WORK REQUEST: The full set of lines below has to be written out again exactly.
*** DATA SHOWN Section Begins ***
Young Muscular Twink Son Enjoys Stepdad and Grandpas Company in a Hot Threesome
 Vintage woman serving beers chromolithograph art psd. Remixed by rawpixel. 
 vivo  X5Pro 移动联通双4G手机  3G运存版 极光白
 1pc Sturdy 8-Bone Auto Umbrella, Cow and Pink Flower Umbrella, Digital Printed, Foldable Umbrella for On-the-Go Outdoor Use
*** DATA SHOWN Section Ends ***
EXERCISE RESULT:
Young Muscular Twink Son Enjoys Stepdad and Grandpas Company in a Hot Threesome
 Vintage woman serving beers chromolithograph art psd. Remixed by rawpixel. 
 vivo  X5Pro 移动联通双4G手机  3G运存版 极光白
 1pc Sturdy 8-Bone Auto Umbrella, Cow and Pink Flower Umbrella, Digital Printed, Foldable Umbrella for On-the-Go Outdoor Use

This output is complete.